_Try it:_ In the records below, find the line containing "Dark red tablecloth" and the line containing "Selena Gomez makes"; please repeat exactly the lines from one to the other, both included, and nothing more.

_Available data:_
=== Begin Enclosure ===

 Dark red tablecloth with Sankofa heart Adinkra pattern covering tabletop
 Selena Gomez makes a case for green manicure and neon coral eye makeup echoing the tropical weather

=== End Enclosure ===
=== Begin Enclosure ===

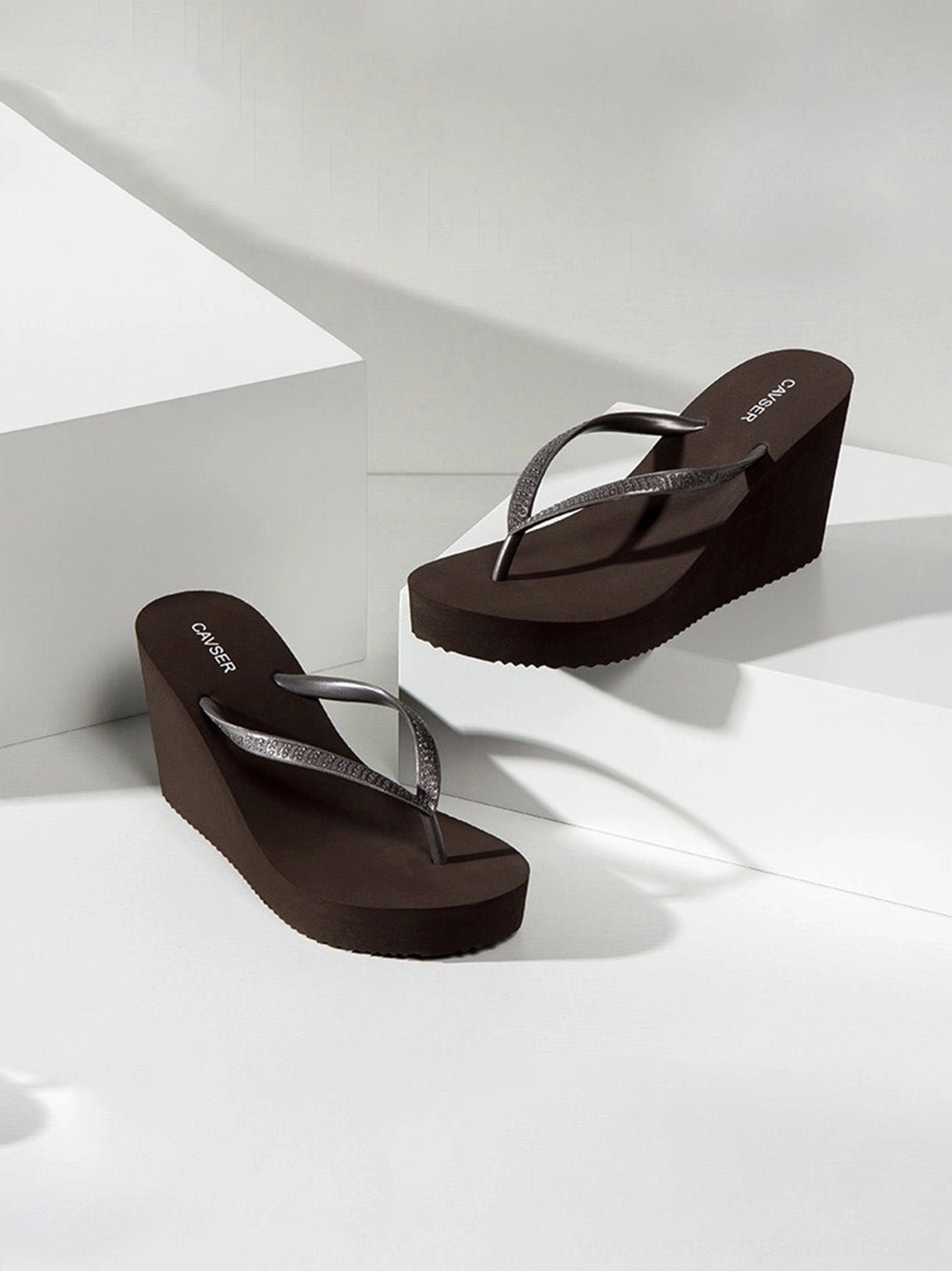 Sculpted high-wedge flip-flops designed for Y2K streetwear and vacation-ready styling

=== End Enclosure ===

_Answer to this task:_
 Dark red tablecloth with Sankofa heart Adinkra pattern covering tabletop
 Selena Gomez makes a case for green manicure and neon coral eye makeup echoing the tropical weather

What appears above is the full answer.